Annette Duetz

Personal information
- Born: 29 June 1993 (age 33) Zeddam, the Netherlands

Sailing career
- Sport: Sailing
- Class: 49er FX

Medal record
Women's sailing
Representing Netherlands
Olympic Games
| Gold medal – first place | 2024 Paris | 49er FX |
| Bronze medal – third place | 2020 Tokyo | 49er FX |
World Championships
| Gold medal – first place | 2018 Aarhus | 49er FX |
| Gold medal – first place | 2019 Auckland | 49er FX |
| Gold medal – first place | 2022 St. Margarets Bay | 49er FX |
| Gold medal – first place | 2024 Lanzarote | 49er FX |
| Silver medal – second place | 2023 The Hague | 49er FX |
European Championships
| Gold medal – first place | 2019 Weymouth | 49er FX |
| Gold medal – first place | 2022 Aarhus | 49er FX |

= Annette Duetz =

Dutch competitive sailor

Annette Duetz (born 29 June 1993 in Zeddam) is a sailor from the Netherlands. Together with Annemiek Bekkering, she is the bronze medalist of the 2020 Summer Olympics in Skiff – 49er FX. She is, together with Odile van Aanholt, the gold medalist of the 2024 Paris Olympics in the woman's 49er FX.

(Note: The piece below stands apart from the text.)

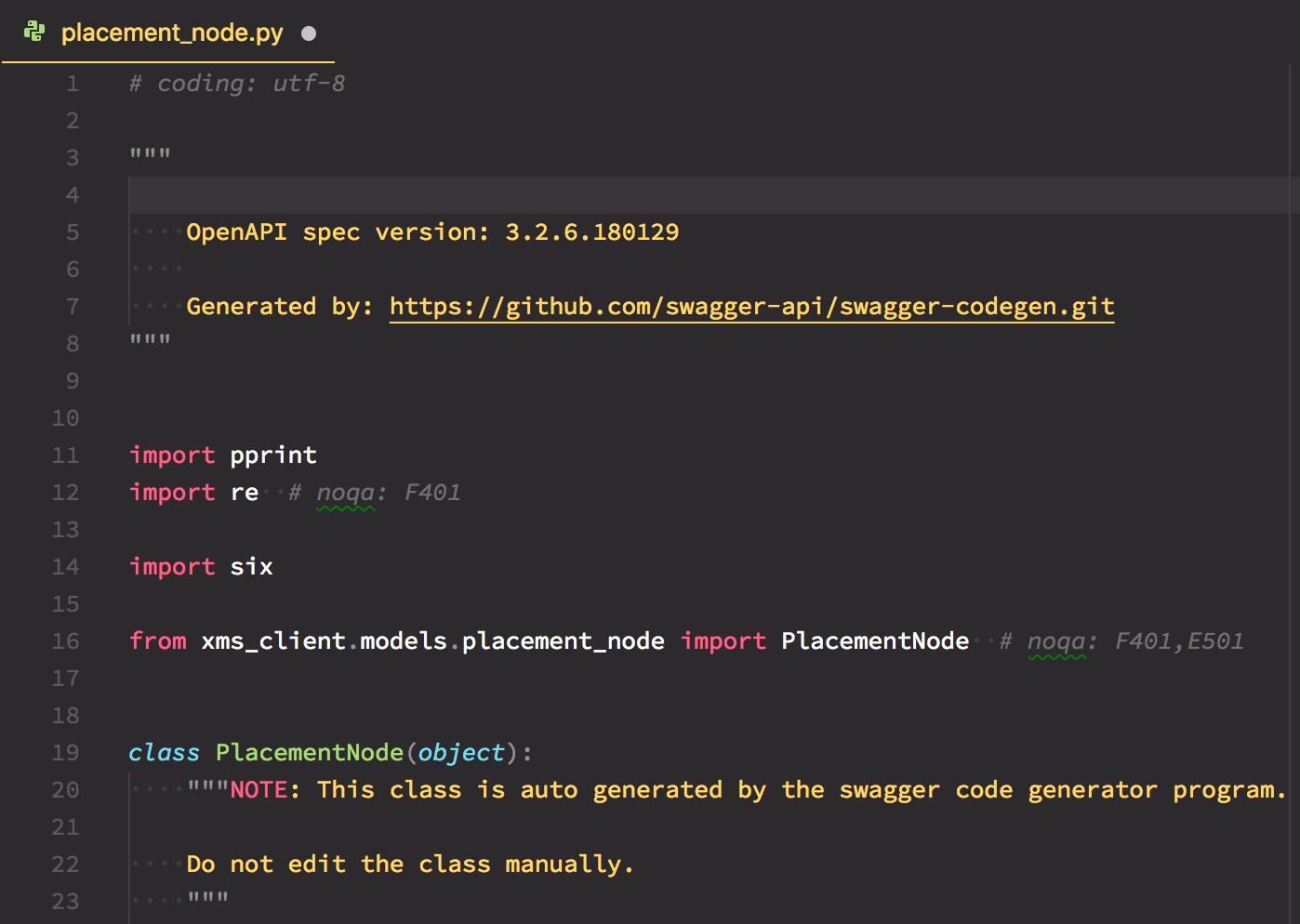  bug python model Should Not Import Self Issue 7541 Swagger api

Bekkering and Duetz qualified for the 2016 Summer Olympics in Skiff – 49er FX. They earlier lost the national selection to Nina Keizer en Claire Blom, but Keizer and Blom failed to fulfill the qualification criteria of NOC/NSF. At the Olympics, Bekkering and Duetz finished in the seventh position.

Since 2011, Duetz studied applied physics at Delft University of Technology.